Observability: Making Agent Behavior Debuggable
If you can't see what the agent did, you can't fix what went wrong.
Why observability is different for agents
In traditional software, observability means logs, metrics, and traces of system behavior. For agentic systems, you need all of that — plus traces of reasoning behavior: what did the agent plan, what did it decide, what did it change its mind about?
The three observability layers
Layer 1: Code-level observability
Standard: logs, error traces, test results. These are produced by the verification pipeline and should be written to the state file after every loop.
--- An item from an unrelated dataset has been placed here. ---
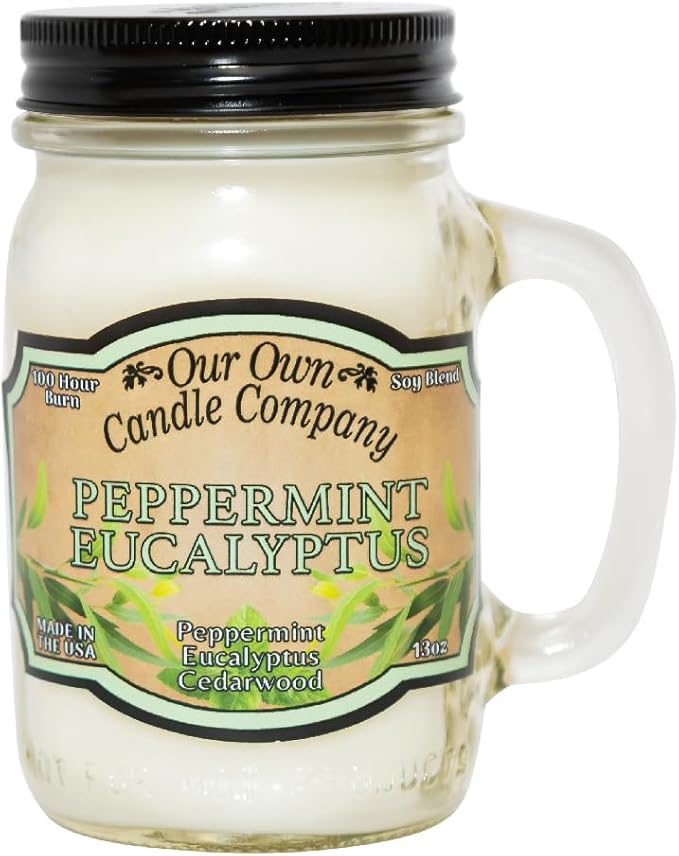 Our Own Candle Company, Peppermint Eucalyptus Scented Mason Jar Candle by OurOwnCandleCompanycandles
Layer 2: Session-level observability
What happened in this agent session? A structured session log should capture:
- Which files were read
- Which files were modified
- Which tests were run and their results
- The agent's self-assessment at session end
Layer 3: Harness-level observability
Over time: is the harness working? Track metrics like:
- Task completion rate per session
- Verification pipeline pass rate
- Scope violations (out-of-bounds file edits)
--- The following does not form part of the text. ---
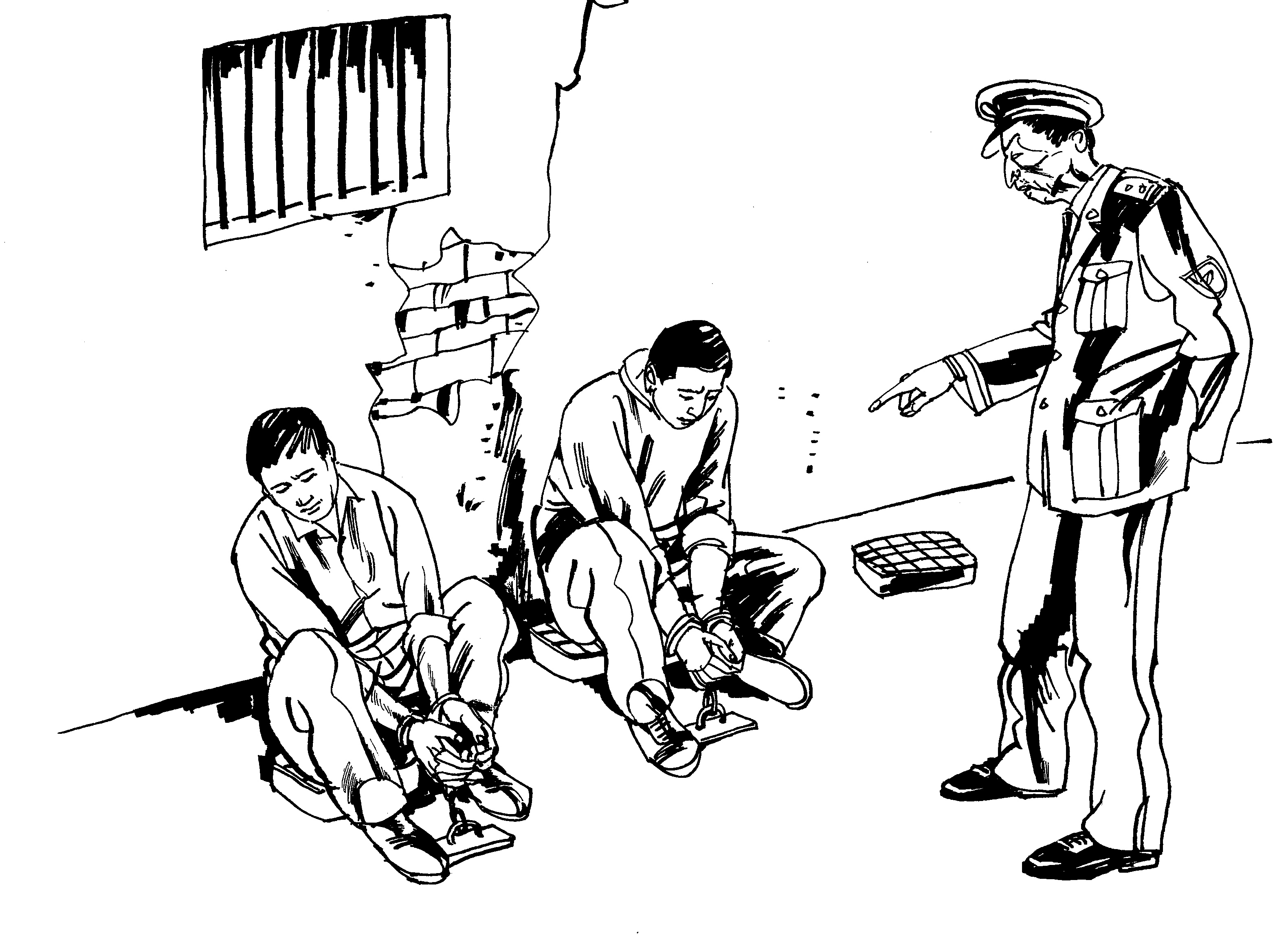 中共酷刑示意图:罚坐。(明慧网)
- Session restart rate (proxy for context loss)
Practical instrumentation
The minimum viable observability setup:
bash
# At session end, the agent writes:
echo '{
"session_id": "2026-04-17-001",
"tasks_completed": ["feat/auth-login"],
"tasks_failed": [],
"files_modified": ["src/auth/login.ts", "tests/auth.test.ts"],
"verification": "passed",
"next_task": "feat/auth-logout"
}' > .agent/session-log.jsonThis file is committed to git, giving you a full audit trail of every agent session.